Published .vsix contains ccusageIntegration.js not present in the GitHub source

[andrew-west-empromptu]

Hi Jack, thanks for building this extension — it's one of the more useful Claude Code usage trackers out there.

I was doing a routine security review before installing, and noticed that the published .vsix on the VS Code Marketplace contains a compiled file out/ccusageIntegration.js that doesn't have a corresponding TypeScript source file in this repo.

That file imports child_process and uses spawn to execute commands (ccusage, bunx ccusage, npx ccusage, and a hardcoded local path /Users/jack/Workspace/ccusage/src/index.ts). None of the other modules in the package import it, so it appears to be dead code — looks like it may have been compiled locally and accidentally included when packaging.

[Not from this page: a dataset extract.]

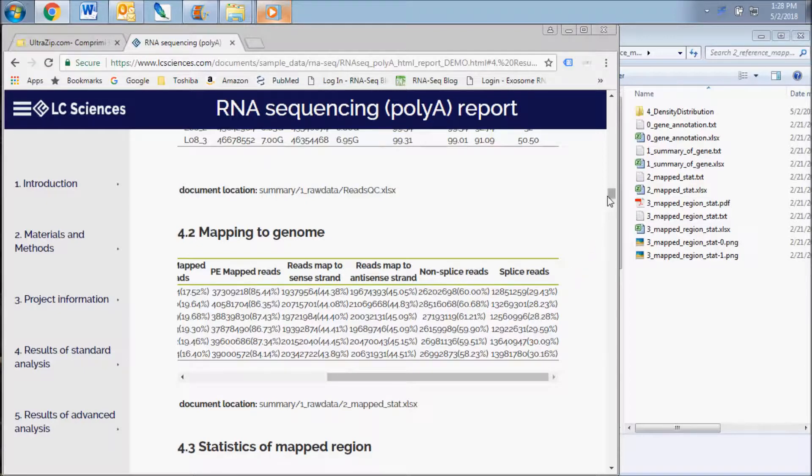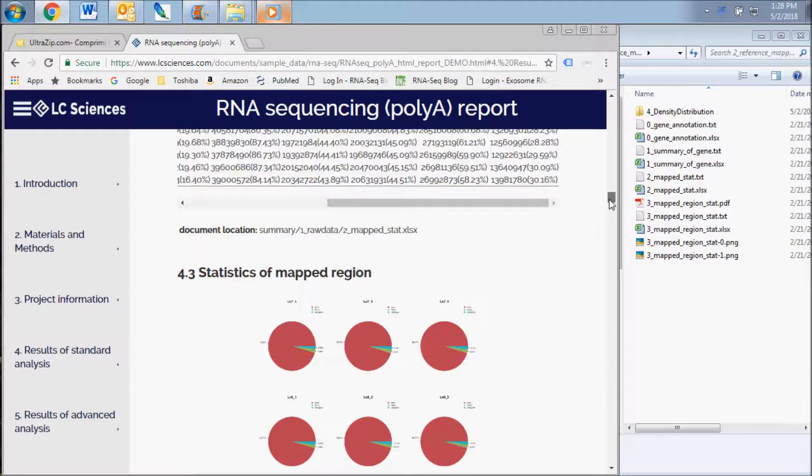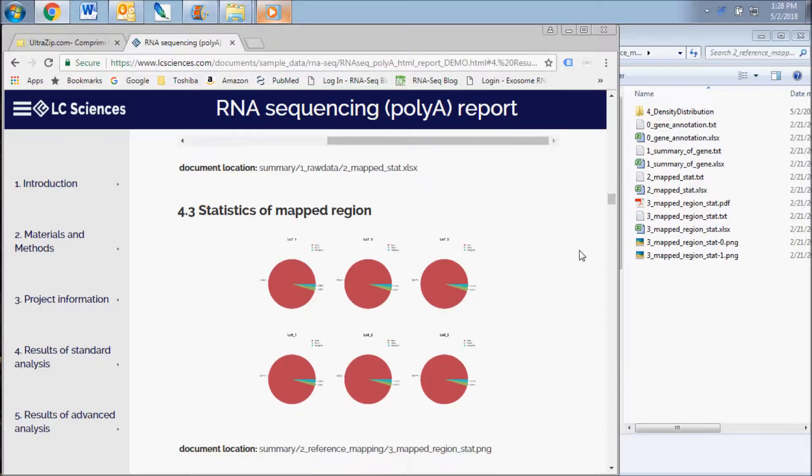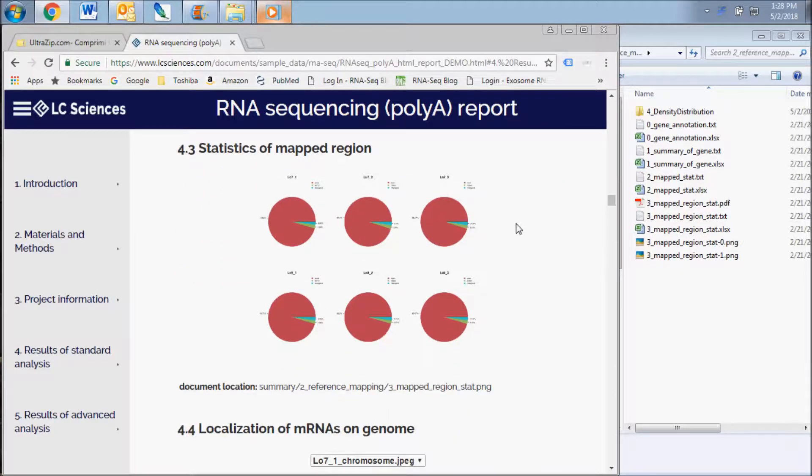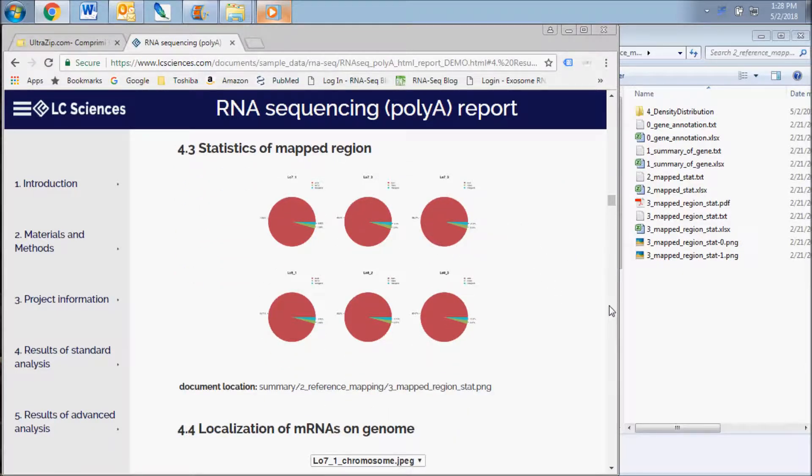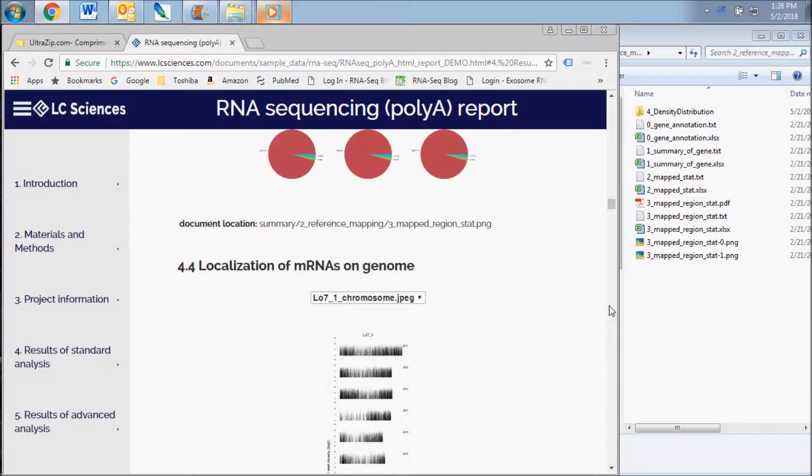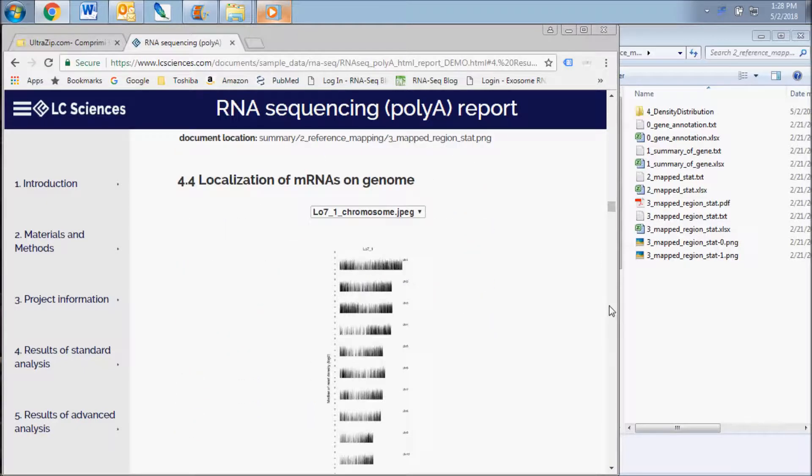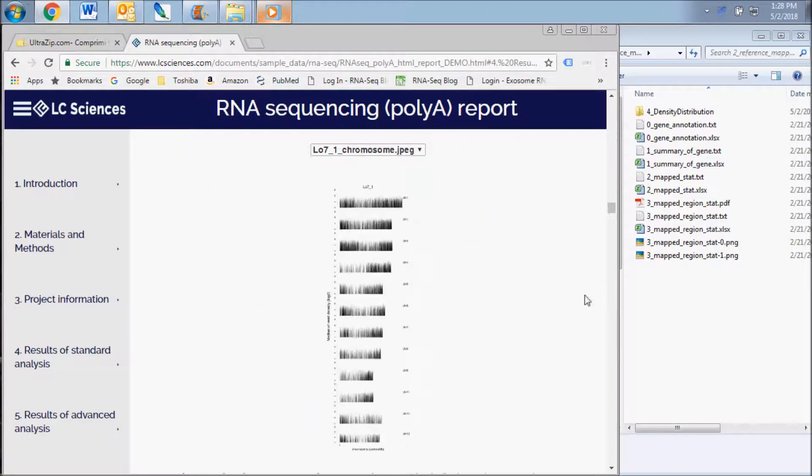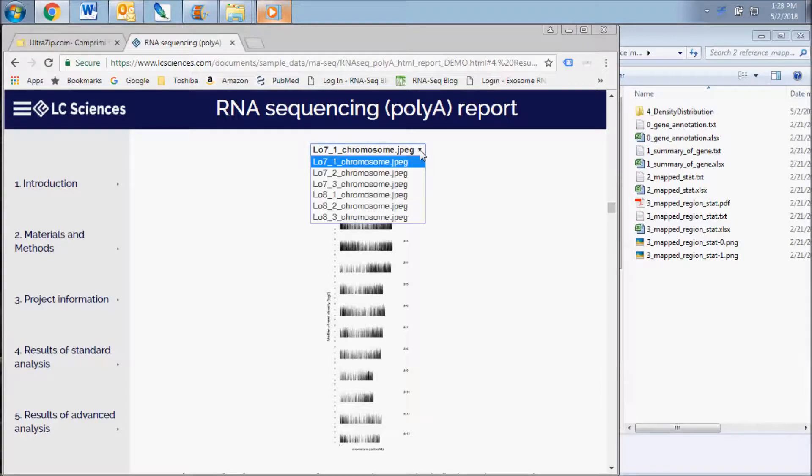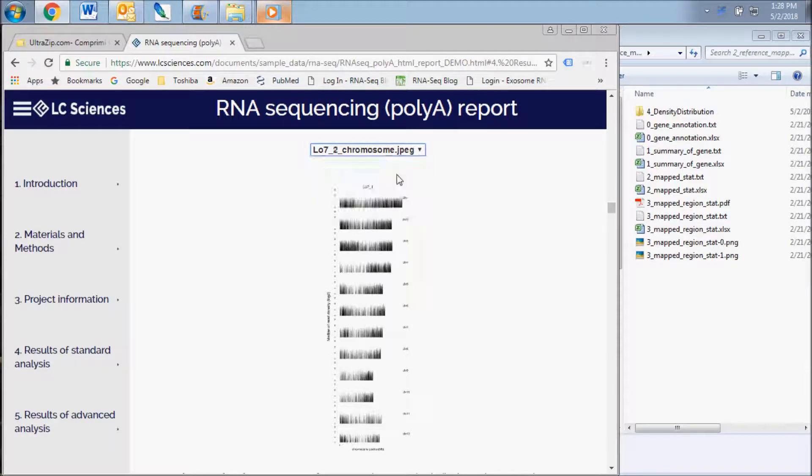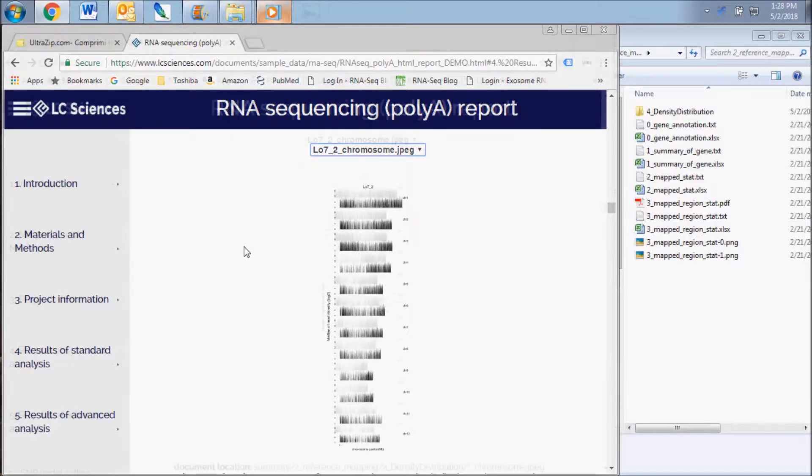The first chart displays the percentage of reads mapped to exons, introns, and intergenic regions of the genome for each sample. The next image visually displays the location of reads mapped in all chromosomes. You can use the drop-down box to select the chart for each sample.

A couple of minor things I also noticed:

• .claude/settings.local.json (your local dev settings) is included in the .vsix — you may want to add it to .vscodeignore
• The npx ccusage fallback could be a latent supply chain concern if that package name were ever squatted on npm

Suggested fixes:

1. Add the source file to the repo, or remove the compiled output before packaging
2. Add out/ccusageIntegration.js and .claude/ to .vscodeignore if they're not needed
3. Republish a clean .vsix build

Happy to help if any of this is unclear. Just flagging it so users can verify that the published package matches the source. Cheers!